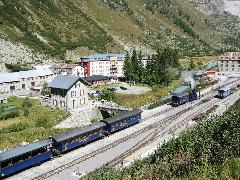 Der Bahnhof von Gletsch wirkt ein wenig wie eine Modelleisenbahn :)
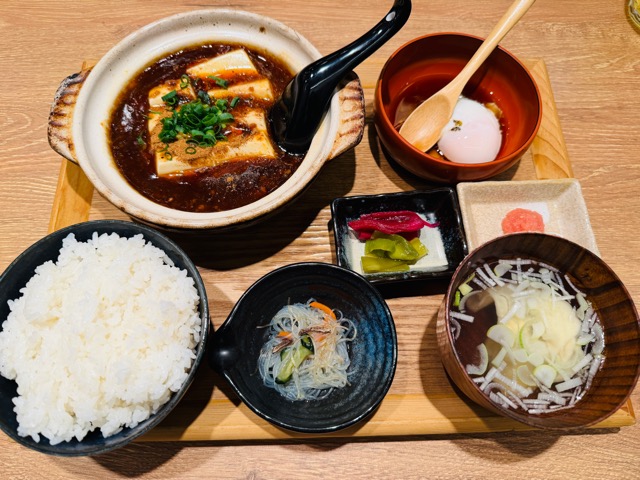 肉汁餃子のダンダダン 三鷹店の麻婆豆腐定食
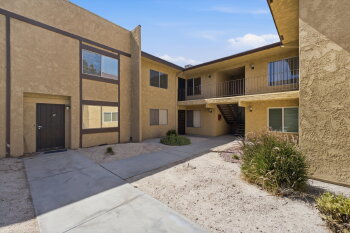 42935 15th St W Unit 6, Lancaster,  93534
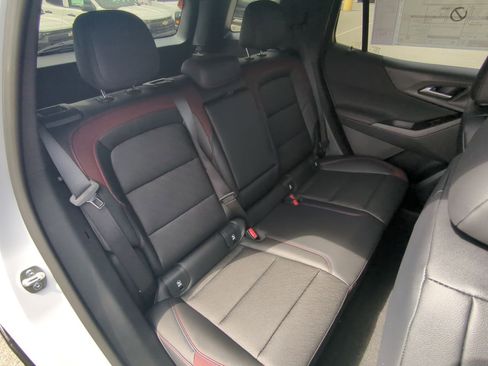 New 2026 Chevrolet Equinox RS w/ Convenience Package III AWD/4WD image 28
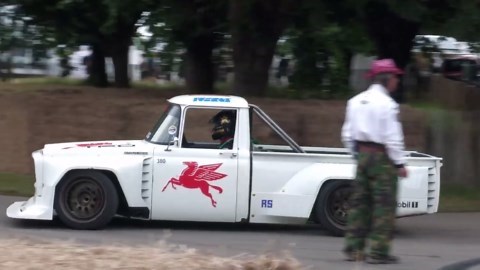 Toyota STOUT 4-Cyl de 650cv: Sons brutais, drifting e donuts insanos!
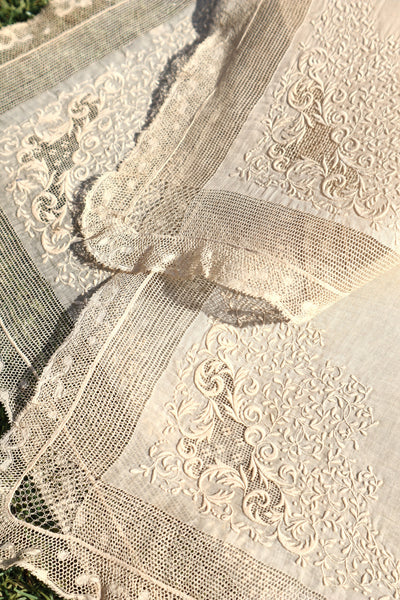 1900s French Linen Hand-Embroidered Cloth with Bobbin Lace Trim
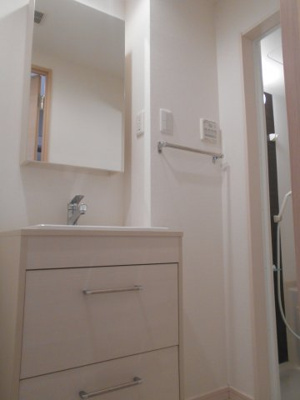 【独立洗面台】 | リブリ・ＬＵＸＴＩＡ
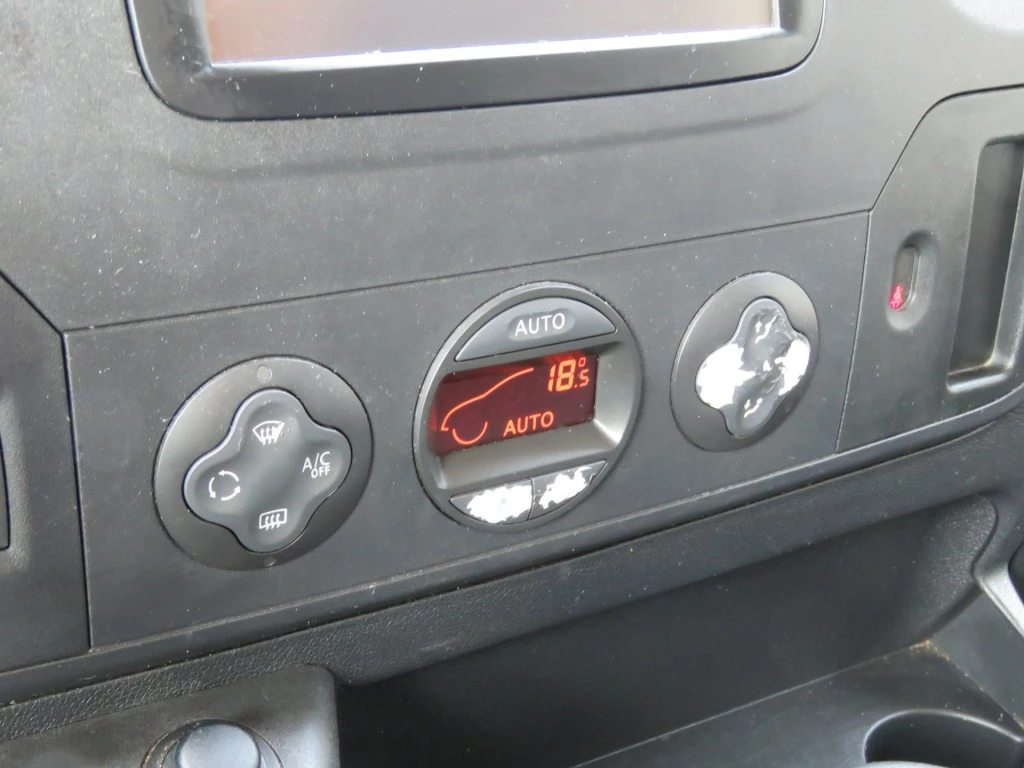Nissan NV400 – foto 17
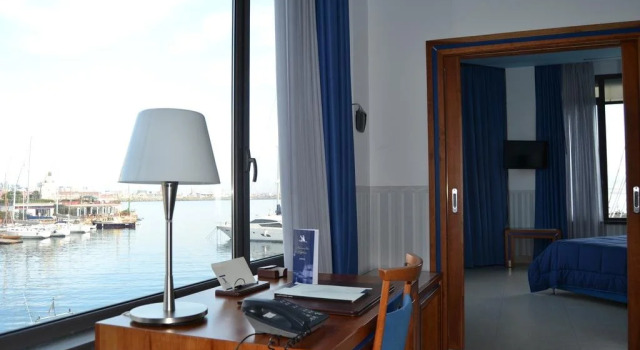 Transatlantico, Buchen Sie Hotel Lungomare Caracciolo Neapel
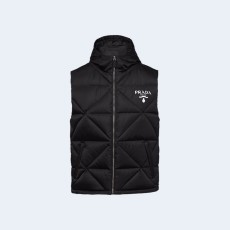 프라다 리나일론 다운 베스트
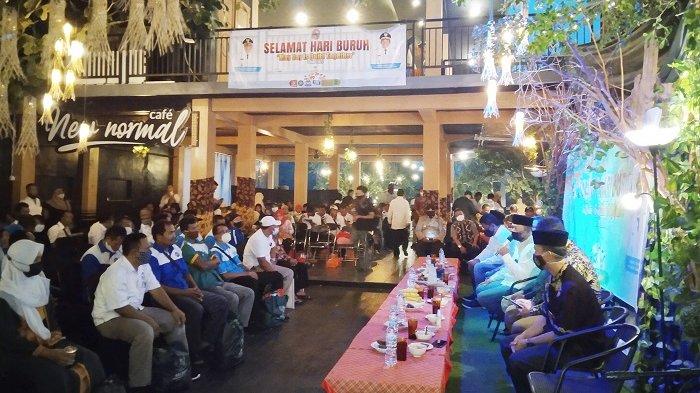 Suasana buka bersama sekaligus peringatan Hari Buruh Internasional di Cafe New Normal Karanganyar, Sabtu (1/5/2021).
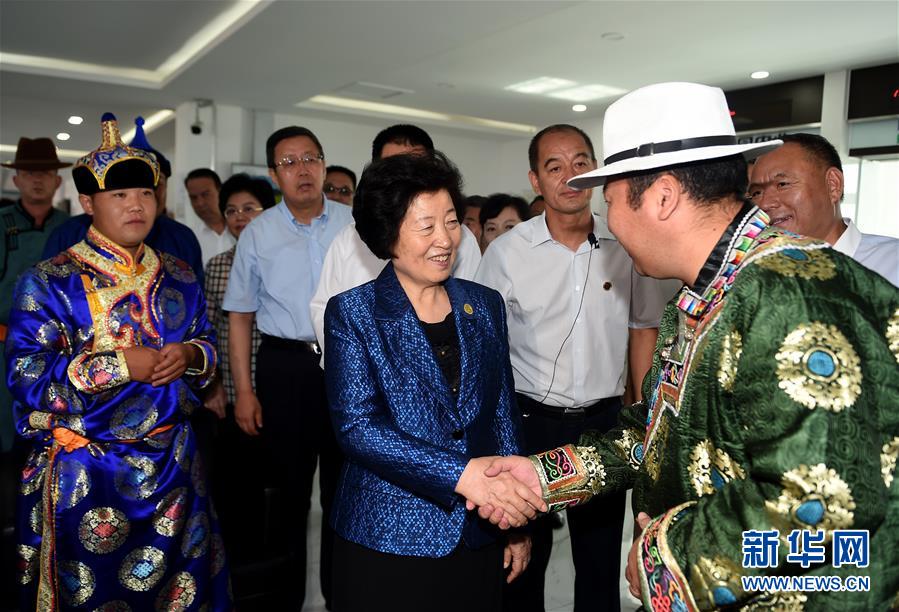 8月11日，带着以习近平同志为核心的党中央的亲切关怀和全国各族人民的美好祝福，中共中央政治局委员、中央统战部部长、中央代表团副团长孙春兰率中央代表团三分团在锡林郭勒盟看望各族干部群众，共同庆祝内蒙古自治区成立70周年。这是孙春兰在非公企业大庄园生态牛羊肉产业示范园同前来售羊的牧民亲切交谈。新华社记者 任军川 摄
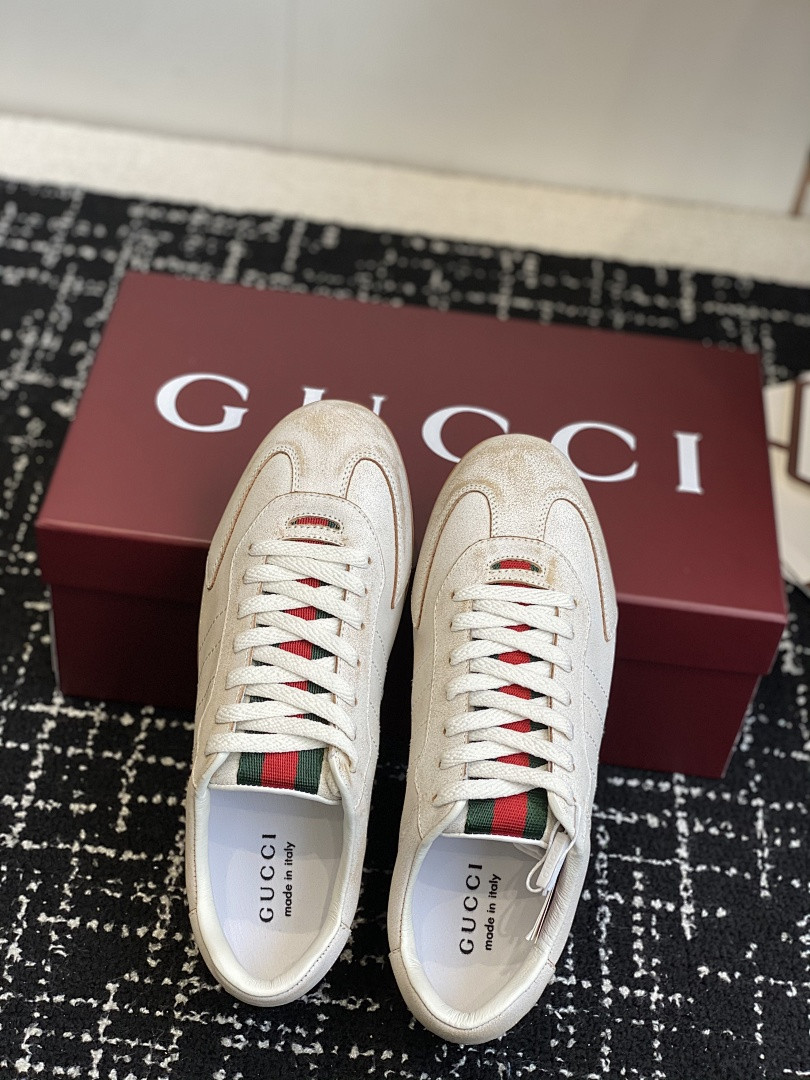 GC Sneakers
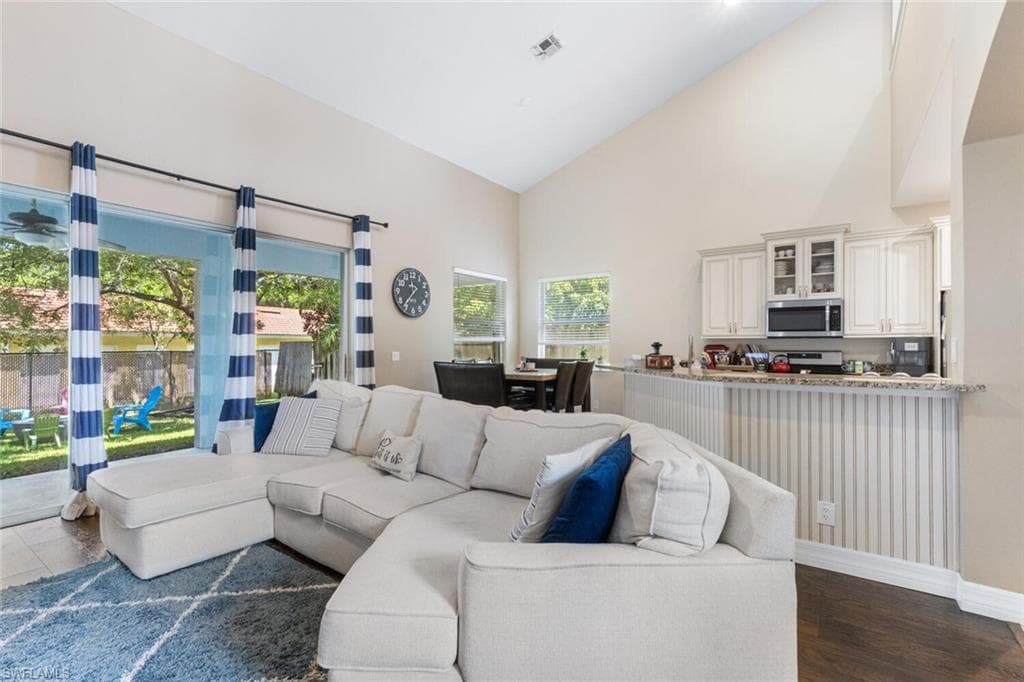 109 Burnt Pine DR, NAPLES FL 34119-13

··········

### Task statement
Repeat each entry exactly as given; no pictures belong in the copy.

### Answer section
 Der Bahnhof von Gletsch wirkt ein wenig wie eine Modelleisenbahn :)
 肉汁餃子のダンダダン 三鷹店の麻婆豆腐定食
 42935 15th St W Unit 6, Lancaster,  93534
 New 2026 Chevrolet Equinox RS w/ Convenience Package III AWD/4WD image 28
 Toyota STOUT 4-Cyl de 650cv: Sons brutais, drifting e donuts insanos!
 1900s French Linen Hand-Embroidered Cloth with Bobbin Lace Trim
 【独立洗面台】 | リブリ・ＬＵＸＴＩＡ
Nissan NV400 – foto 17
 Transatlantico, Buchen Sie Hotel Lungomare Caracciolo Neapel
 프라다 리나일론 다운 베스트
 Suasana buka bersama sekaligus peringatan Hari Buruh Internasional di Cafe New Normal Karanganyar, Sabtu (1/5/2021).
 8月11日，带着以习近平同志为核心的党中央的亲切关怀和全国各族人民的美好祝福，中共中央政治局委员、中央统战部部长、中央代表团副团长孙春兰率中央代表团三分团在锡林郭勒盟看望各族干部群众，共同庆祝内蒙古自治区成立70周年。这是孙春兰在非公企业大庄园生态牛羊肉产业示范园同前来售羊的牧民亲切交谈。新华社记者 任军川 摄
 GC Sneakers
 109 Burnt Pine DR, NAPLES FL 34119-13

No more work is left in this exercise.